* Information shown *
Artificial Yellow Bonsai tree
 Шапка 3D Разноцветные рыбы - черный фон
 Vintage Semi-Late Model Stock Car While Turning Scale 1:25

* Work required *
The whole listing above is to be restated word for word.

* Exercise solution *
Artificial Yellow Bonsai tree
 Шапка 3D Разноцветные рыбы - черный фон
 Vintage Semi-Late Model Stock Car While Turning Scale 1:25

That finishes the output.